• **Activity**
When you reach the line containing "Vista exterior de" in the entries below, start writing out each line exactly, and stop after the line containing "اتاق استاندارد, Scandic Palace".
[Opening Given information section]
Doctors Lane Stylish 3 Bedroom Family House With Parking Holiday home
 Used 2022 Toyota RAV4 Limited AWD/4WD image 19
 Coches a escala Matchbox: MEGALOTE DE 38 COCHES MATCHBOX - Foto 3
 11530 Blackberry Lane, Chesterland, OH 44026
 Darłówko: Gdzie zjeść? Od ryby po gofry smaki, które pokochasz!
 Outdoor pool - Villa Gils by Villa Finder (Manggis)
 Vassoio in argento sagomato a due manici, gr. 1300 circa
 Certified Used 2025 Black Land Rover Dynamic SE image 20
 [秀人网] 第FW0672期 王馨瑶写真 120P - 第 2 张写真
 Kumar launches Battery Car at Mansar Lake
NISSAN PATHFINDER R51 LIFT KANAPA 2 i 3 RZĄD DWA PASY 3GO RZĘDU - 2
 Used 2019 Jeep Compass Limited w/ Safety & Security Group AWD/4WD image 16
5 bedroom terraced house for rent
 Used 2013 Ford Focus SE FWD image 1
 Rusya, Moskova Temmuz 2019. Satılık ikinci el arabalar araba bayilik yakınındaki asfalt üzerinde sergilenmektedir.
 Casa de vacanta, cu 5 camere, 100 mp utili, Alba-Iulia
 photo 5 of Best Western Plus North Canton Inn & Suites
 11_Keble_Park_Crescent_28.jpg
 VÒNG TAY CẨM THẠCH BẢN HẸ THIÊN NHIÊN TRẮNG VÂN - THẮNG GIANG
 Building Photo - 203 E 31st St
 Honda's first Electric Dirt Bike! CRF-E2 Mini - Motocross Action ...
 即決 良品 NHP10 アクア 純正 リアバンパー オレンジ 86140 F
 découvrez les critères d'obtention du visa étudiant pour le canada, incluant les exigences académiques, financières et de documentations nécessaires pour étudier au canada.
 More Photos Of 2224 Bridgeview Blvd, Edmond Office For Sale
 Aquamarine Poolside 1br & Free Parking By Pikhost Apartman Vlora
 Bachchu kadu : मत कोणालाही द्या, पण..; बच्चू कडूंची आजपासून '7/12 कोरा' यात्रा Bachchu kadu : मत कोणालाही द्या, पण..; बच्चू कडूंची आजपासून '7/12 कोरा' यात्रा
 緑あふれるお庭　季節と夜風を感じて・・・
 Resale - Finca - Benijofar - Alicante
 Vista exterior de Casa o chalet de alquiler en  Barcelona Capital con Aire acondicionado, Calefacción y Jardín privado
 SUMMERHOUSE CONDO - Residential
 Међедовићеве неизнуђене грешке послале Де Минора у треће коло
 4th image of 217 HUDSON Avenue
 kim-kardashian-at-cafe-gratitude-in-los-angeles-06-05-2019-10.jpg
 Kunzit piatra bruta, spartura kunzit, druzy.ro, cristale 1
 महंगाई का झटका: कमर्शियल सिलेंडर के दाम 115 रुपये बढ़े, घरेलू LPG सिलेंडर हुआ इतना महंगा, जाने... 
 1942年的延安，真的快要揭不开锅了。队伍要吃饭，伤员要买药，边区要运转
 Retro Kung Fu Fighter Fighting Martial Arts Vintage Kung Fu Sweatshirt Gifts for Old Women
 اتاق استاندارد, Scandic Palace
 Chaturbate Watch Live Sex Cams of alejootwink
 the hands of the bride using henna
[Closing Given information section]
• **Reply to the exercise**
 Vista exterior de Casa o chalet de alquiler en  Barcelona Capital con Aire acondicionado, Calefacción y Jardín privado
 SUMMERHOUSE CONDO - Residential
 Међедовићеве неизнуђене грешке послале Де Минора у треће коло
 4th image of 217 HUDSON Avenue
 kim-kardashian-at-cafe-gratitude-in-los-angeles-06-05-2019-10.jpg
 Kunzit piatra bruta, spartura kunzit, druzy.ro, cristale 1
 महंगाई का झटका: कमर्शियल सिलेंडर के दाम 115 रुपये बढ़े, घरेलू LPG सिलेंडर हुआ इतना महंगा, जाने... 
 1942年的延安，真的快要揭不开锅了。队伍要吃饭，伤员要买药，边区要运转
 Retro Kung Fu Fighter Fighting Martial Arts Vintage Kung Fu Sweatshirt Gifts for Old Women
 اتاق استاندارد, Scandic Palace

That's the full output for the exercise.